# DATA IN THIS EXERCISE
______________________________

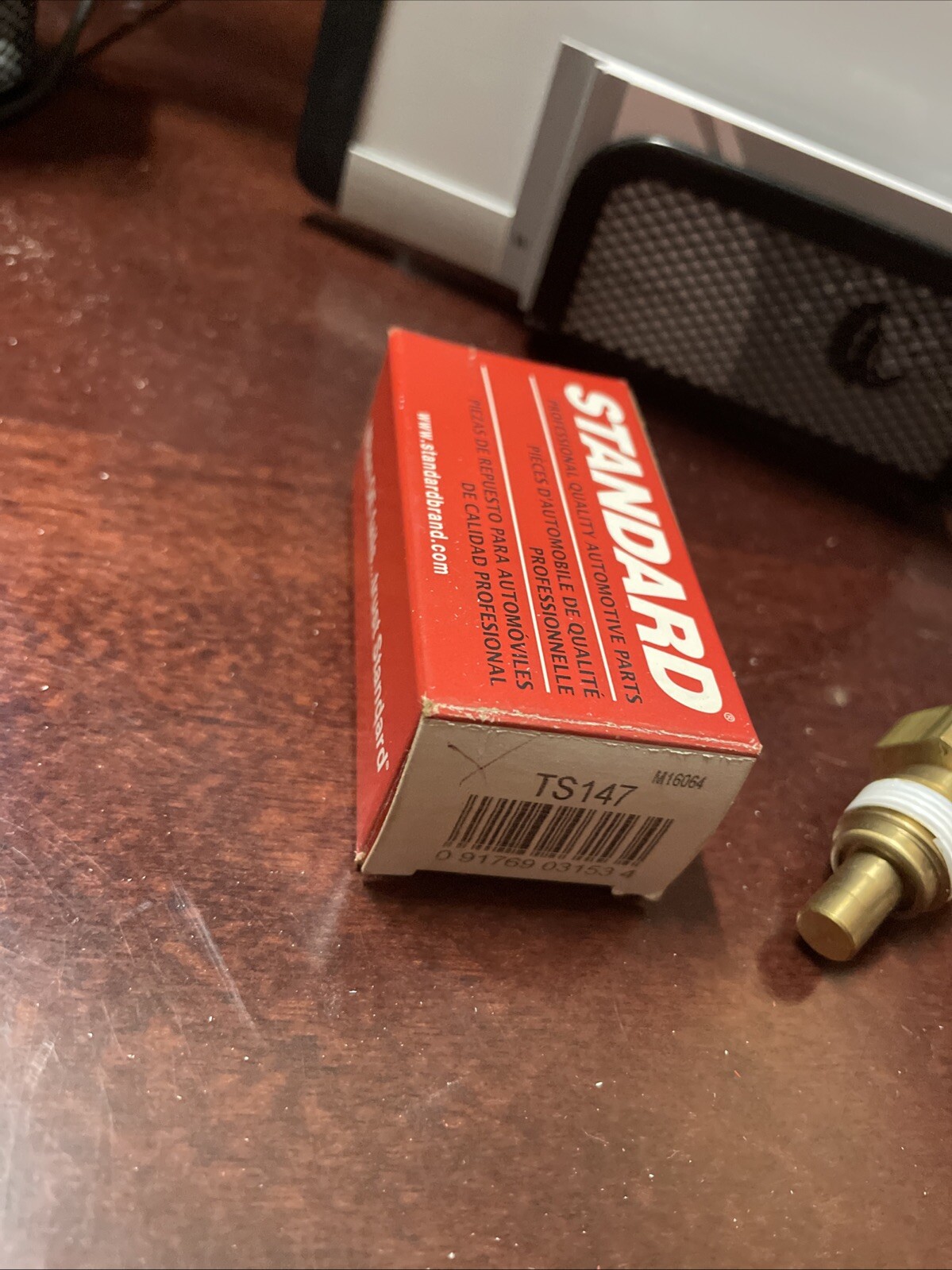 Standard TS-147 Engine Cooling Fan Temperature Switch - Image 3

______________________________

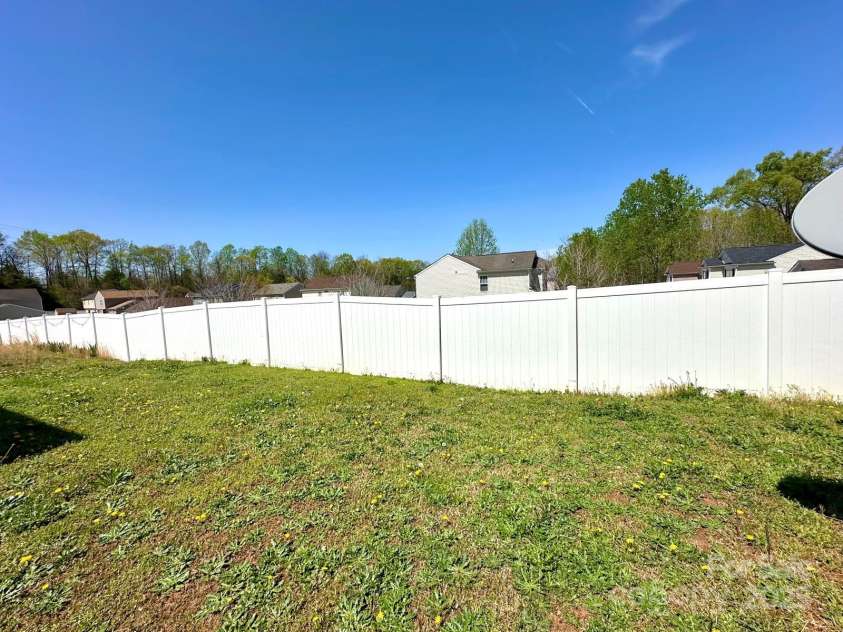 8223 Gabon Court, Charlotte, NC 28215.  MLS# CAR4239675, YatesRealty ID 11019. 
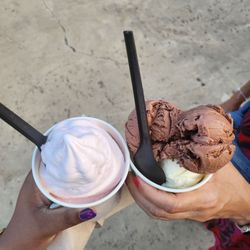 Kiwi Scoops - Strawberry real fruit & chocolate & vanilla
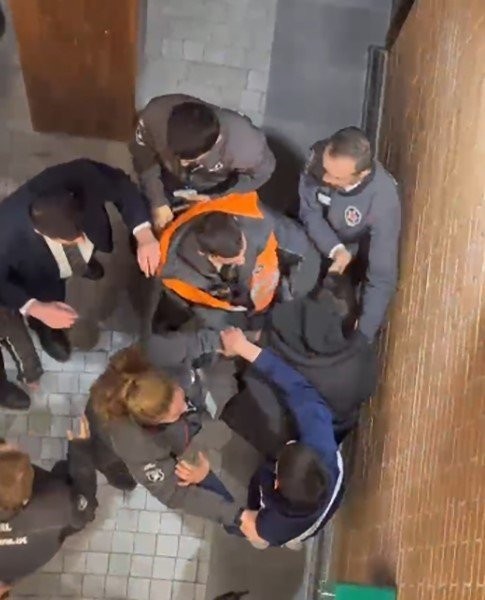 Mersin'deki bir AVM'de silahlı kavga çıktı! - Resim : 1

______________________________

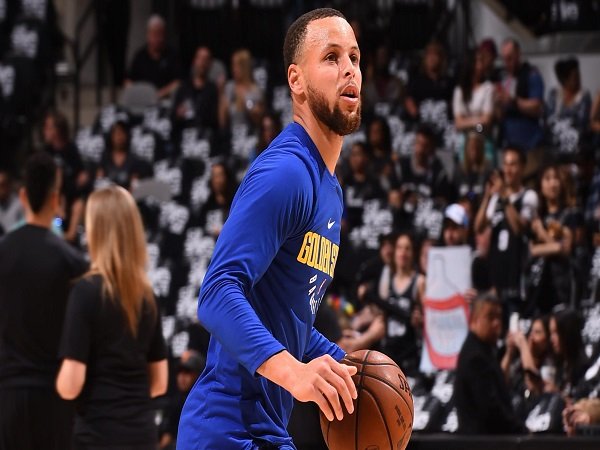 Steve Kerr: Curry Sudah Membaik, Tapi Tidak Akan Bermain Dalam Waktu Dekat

______________________________

# EXERCISE GOAL
What should come back is an exact copy of the lines above from the line with "Kiwi Scoops - Strawberry" to the line with "Mersin'deki bir AVM'de", both included, minus the pictures.

# RESPONSE AREA
 Kiwi Scoops - Strawberry real fruit & chocolate & vanilla
 Mersin'deki bir AVM'de silahlı kavga çıktı! - Resim : 1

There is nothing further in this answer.